Tuesday, October 05, 2010
"Counter-Progressive" Legal Theory?
The George Washington Law Review recently published an interesting symposium with papers commenting on two books on judicial review, one of which was this reaction by G.E. White to Philip Hamburger's book, "Law and Judicial Duty." In his comment, White characterizes the book as part of a "counter-Progressive" line of American legal history which, he claims, is "nearing the status of orthodoxy[.]" Hamburger's own contribution to the symposium says almost nothing about this characterization, except to deny it forcefully in a footnote.

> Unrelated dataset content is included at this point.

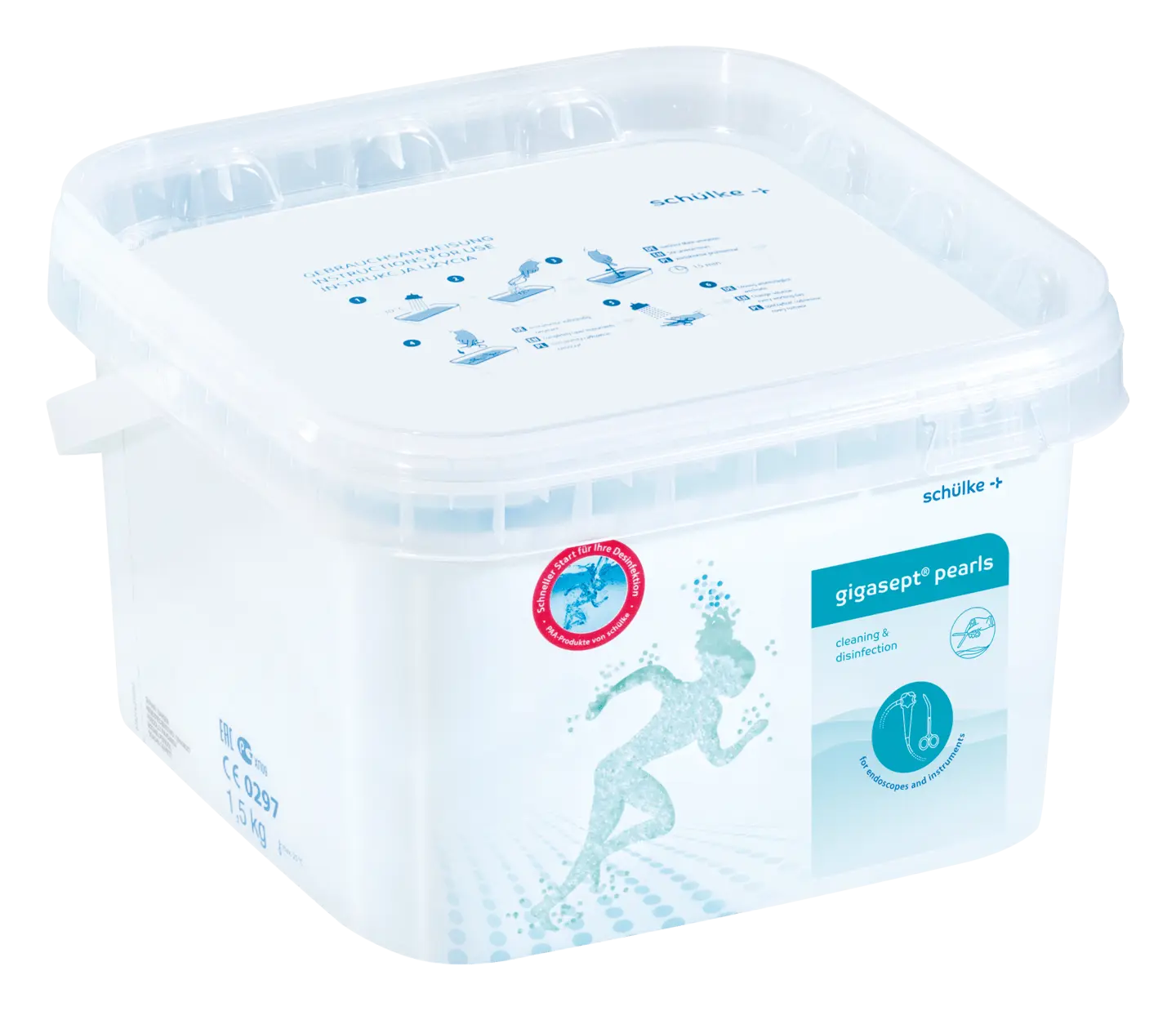 Schülke gigasept pearls Instrumentendesinfektionsmittel 1,5 kg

The disconnect may be the result of the different tasks that Hamburger and White set for themselves. White is interested in tracing a historiographic phenomenon in legal scholarship and locating Hamburger within it. Hamburger is instead interested in discussing his claims about the nature and origins of the idea of judicial review -- he resists White's attempt to position him within any larger "counter-Progressive" movement in the history of legal ideas.
Yet I think there may be something more going on here, something along the lines of what I recently thought about in this piece as reflecting the different tasks of legal scholarship, and the modes within which legal scholarship gets done. White sees (and wants to see) American legal historical scholarship as a kind of contest between the forces of Progressivism and counter-Progressivism. In effect, this characterization itself fits nicely into the very Progressive paradigm that he offers. Hamburger rejects that quasi-dialectical academic contest between Progressive and counter-Progressive powers, at least as it applies to his book.
After the jump, two questions: 1. What is the dispute between White and Hamburger really about? Is it really about whether Hamburger's book fits within White's historiography, or is it instead about whether this particular division between "Progressive" and "counter-Progressive" is the sort of history of ideas that is worth pursuing at all? (2) If one agrees with White's view of the ascendancy of "counter-Progressive" American legal history, is there a comparable line of "counter-Progressive" legal theory? I tend to think that there is not. But if there is, or could be, in what would it consist?Before getting to the questions, some definition of terms. Here's White on the counter-Progressive tradition in American legal history: "Counter-Progressive work assumes that describing American society as a shifting clash of classes and interests is simplistic and potentially pejorative, imposing anachronistic post–New Deal categories on past epochs. It assumes that judging is more than what the judge ate for breakfast or an imposition of the judge's instinctive and class biases on public policy. It assumes that judges are importantly constrained by legal doctrine, so that the relationship between law and current political ideology is delicate and complex. And it assumes that law, far from being simply a 'mirror for society,' is, at any moment in time, in a dialectical relationship with American culture at large, so that law is both constitutive and reflective of its cultural setting." (footnote omitted). Everything that counter-Progressivism isn't, of course, Progressivism is.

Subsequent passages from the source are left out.